Es curiosa esa pareja, que reúne lo indispensable, como es el alimento, y lo superfluo (o cruel), como es el entretenimiento. Y sin embargo, la palabra que usamos antes, “distracción,” viene el caso, porque literalmente estar “distraído” es ser atraído por distintas cosas o fines. Cuando una persona tiene su atención en otras cosas disminuye su percepción sobre sus carencias. O sea que el pan y el circo son dos aproximaciones a lo que hace falta: por una parte supliéndolo, hasta un cierto punto, y por otra disminuyendo la sensación de lo que no hay.
Es curioso ver que en ciertas circunstancias el “circo” puede ser casi más poderoso que el “pan.” En la guerra de Vietnam el gobierno norteamericano se preocupaba mucho por proveer a los soldados con buenas distracciones, así no pudieran ser frecuentes. Todo aquel que conozca la lógica de un ejército en campaña sabe también cuánto interesa tener buenos músicos, o animadores, o… mujeres.

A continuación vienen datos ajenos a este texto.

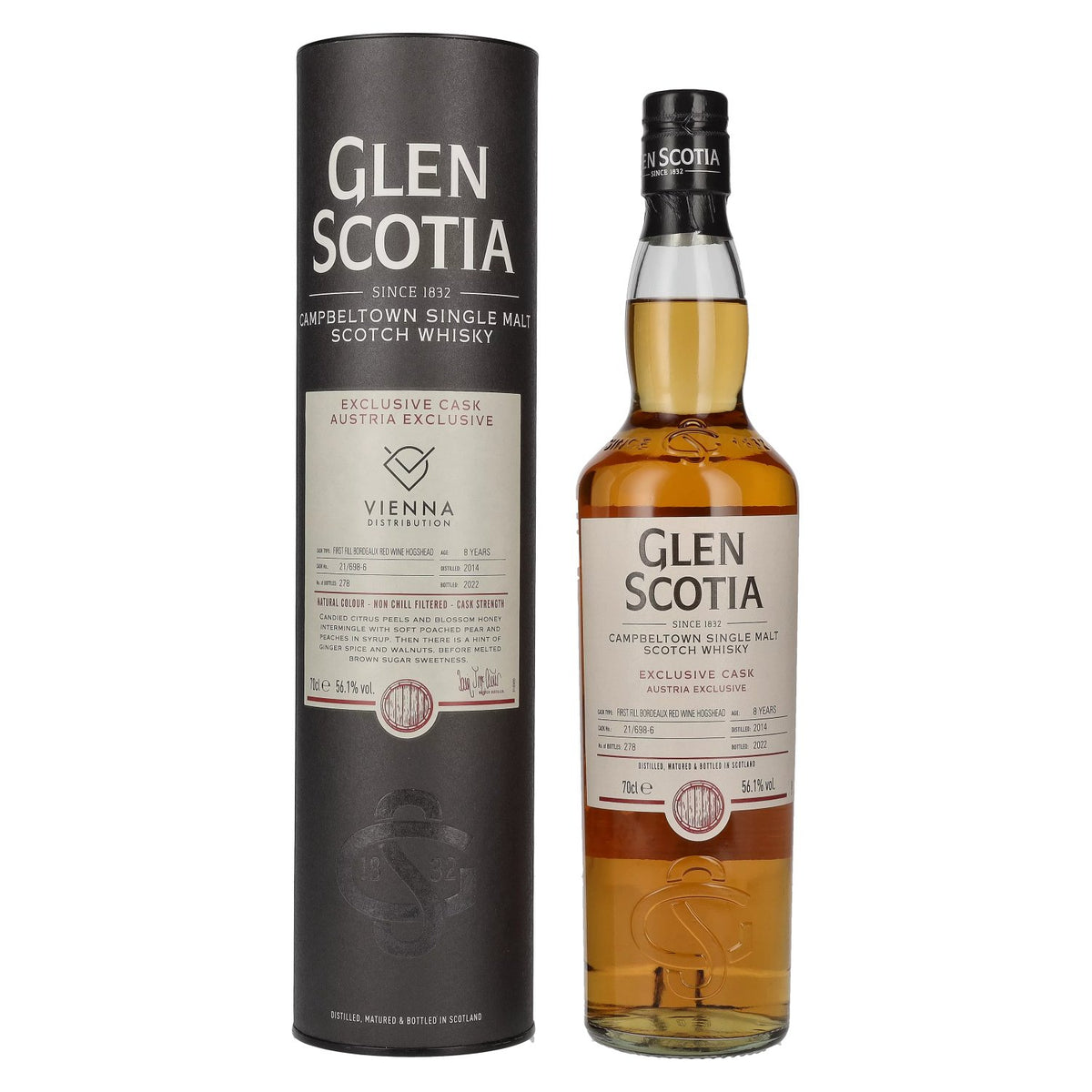 Glen Scotia 8 Years Old AUSTRIA EXCLUSIVE Cask 2014 56,1% vol. 0,7 l in geschenkverpakking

Estas reflexiones vienen al tema de la paz. Nuestro Señor Jesucristo vino a traer una paz real, profunda, integral, basada en la justicia. Pocos gobiernos intentan algo así. La aproximación al tema, de parte de ellos, es mucho más pragmática, como la de los romanos: pan y circo. Hoy eso puede llamarse prosperidad y entretenimiento. Las dos cosas le han llegado en grandísimas dosis a Irlanda en los últimos quince años: un crecimiento económico que tomó nombre propio, el Tigre Celta, y un abanico infinito de modos de gastar el dinero. De un día para otro muchos irlandeses descubrieron que podían viajar muchísimo, comprar muchísimo, vestirse con lujo y comer con exquisitez. Es decir: prosperidad y entretenimiento.
Mi abuelo decía que “no hay nada más conservador que el dinero.” Las revoluciones se alimentan del hambre, al paso que la prosperidad hace que cada quien se encierre en sus deseos y en mejorar su propia fortuna. Cuando llegué a Irlanda, una de las cosas que más me impactó es la cantidad de anuncios de televisión invitando a la gente a endeudarse, de mil modos: hipotecas, préstamos, consolidación de deudas, finca raíz, condominios, además de las consabidas ofertas comunes en una sociedad marcada por el consumo. Es claro que en la medida en que cada persona lucha por su propio y exclusivo interés le resulta más y más difícil asociarse con otros en la aventura incierta de buscar un orden social radicalmente nuevo: cuando se ve una escalera, uno no se tira fácilmente al vacío.
Y sin embargo, la prosperidad y el entretenimiento no son todo. Falta otra P, la “participación.” Las metas del IRA no han sido solamente económicas sino, incluso más, políticas. Tarde o temprano una persona libre y próspera se pregunta por qué no puede tomar parte real en las decisiones que marcan el destino del país o región donde ha nacido. Tarde o temprano, también, una persona que desea tener dinero y disfrutarlo se pregunta por qué sus impuestos tienen que ir a manos de un gobierno en el que se le excluye por principio. Estas preguntas han demostrado tener una fuerza inmensa, suficiente, a lo menos, para derribar el sistema imperialista de colonias que marcó a Occidente hasta bien entrado el siglo XX.
El Reino Unido, en lo que atañe a Irlanda del Norte, y el gobierno de Dublín, en lo que respecta a la República de Irlanda, han demostrado que pueden dar prosperidad y entretenimiento a los algo más de cuatro millones de habitantes de esta isla. Pero falta el examen de la participación. Y el IRA lo sabe.